• Task brief
Each line in the material below, starting at the one with "Hello, this is" and ending at the one with "Now we express", is to be reproduced exactly; no picture is to be copied.

• Input material
--- START ---
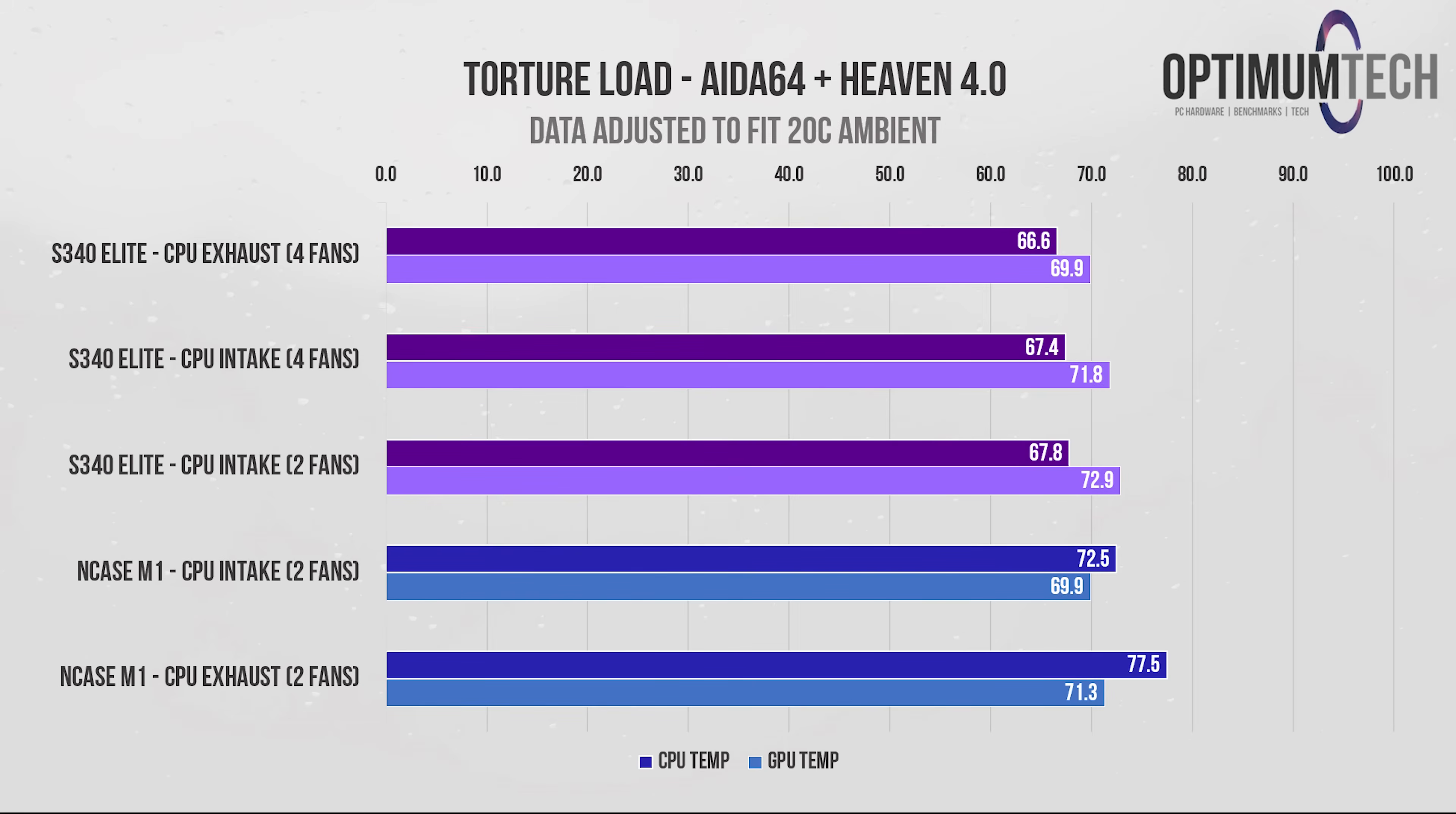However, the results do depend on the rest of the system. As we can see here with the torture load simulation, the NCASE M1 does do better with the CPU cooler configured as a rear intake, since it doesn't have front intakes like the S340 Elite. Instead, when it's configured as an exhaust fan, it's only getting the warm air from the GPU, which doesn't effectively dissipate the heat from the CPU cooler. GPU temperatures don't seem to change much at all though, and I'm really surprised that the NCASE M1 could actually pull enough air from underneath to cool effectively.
--- END ---
--- START ---
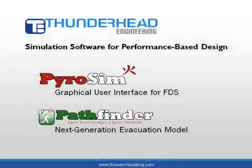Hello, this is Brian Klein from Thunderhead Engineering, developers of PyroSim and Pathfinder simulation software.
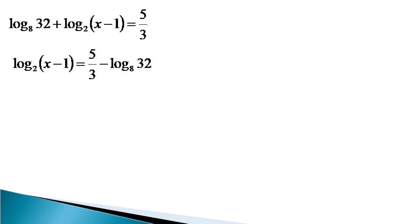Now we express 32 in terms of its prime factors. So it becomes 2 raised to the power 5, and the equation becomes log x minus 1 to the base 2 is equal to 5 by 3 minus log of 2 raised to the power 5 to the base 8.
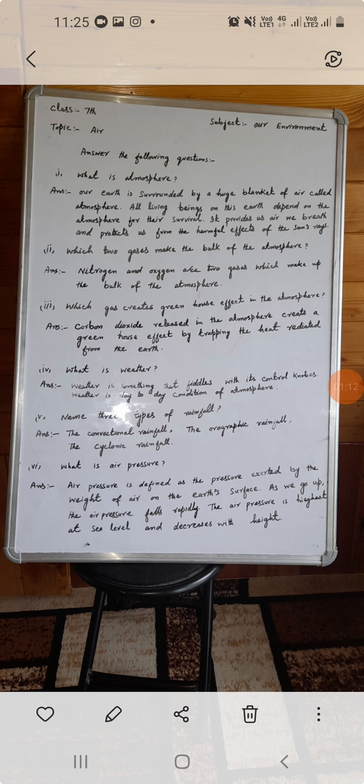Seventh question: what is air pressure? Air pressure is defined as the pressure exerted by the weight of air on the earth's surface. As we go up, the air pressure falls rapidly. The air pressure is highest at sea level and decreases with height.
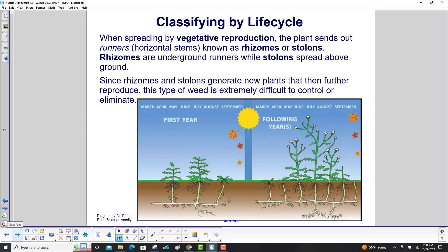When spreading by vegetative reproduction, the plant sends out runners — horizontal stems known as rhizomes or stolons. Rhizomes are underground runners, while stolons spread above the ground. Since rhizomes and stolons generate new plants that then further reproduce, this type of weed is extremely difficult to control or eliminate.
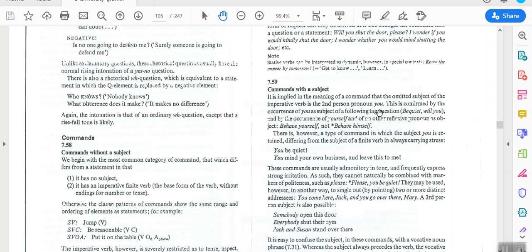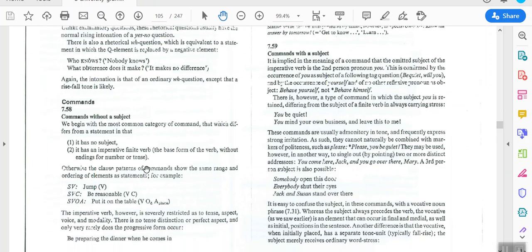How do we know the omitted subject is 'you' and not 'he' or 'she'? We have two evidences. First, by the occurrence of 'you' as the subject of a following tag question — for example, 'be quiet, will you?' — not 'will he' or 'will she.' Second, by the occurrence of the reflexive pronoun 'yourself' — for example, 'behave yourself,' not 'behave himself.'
--- END ---
--- START ---
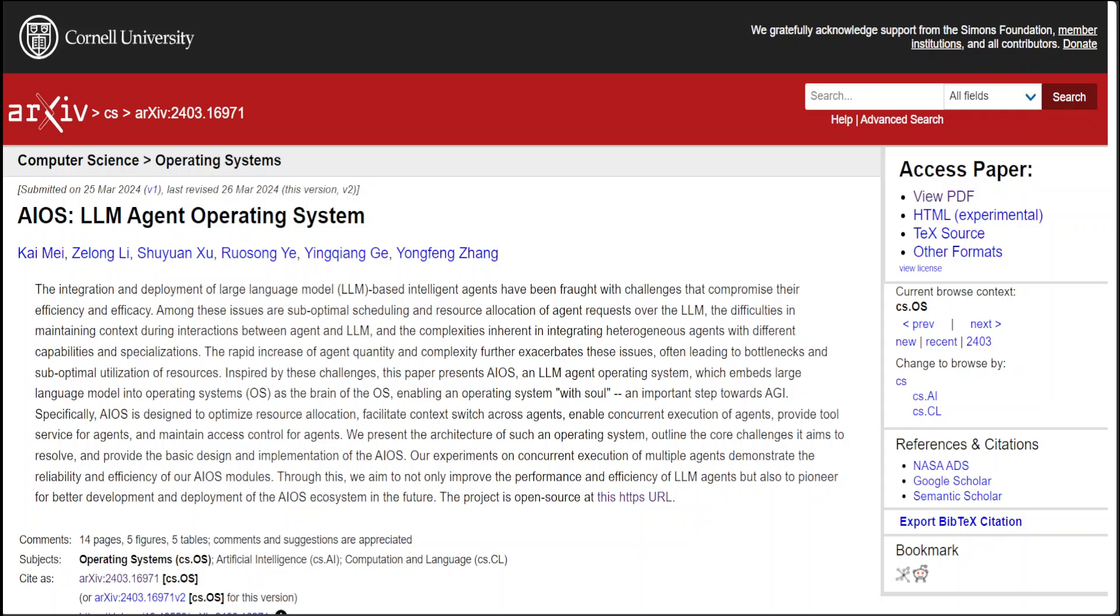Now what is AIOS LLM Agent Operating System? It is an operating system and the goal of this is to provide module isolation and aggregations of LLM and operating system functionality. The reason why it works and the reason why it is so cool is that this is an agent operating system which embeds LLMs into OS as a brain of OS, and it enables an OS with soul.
--- END ---
• Answer space
Hello, this is Brian Klein from Thunderhead Engineering, developers of PyroSim and Pathfinder simulation software.
Now we express 32 in terms of its prime factors. So it becomes 2 raised to the power 5, and the equation becomes log x minus 1 to the base 2 is equal to 5 by 3 minus log of 2 raised to the power 5 to the base 8.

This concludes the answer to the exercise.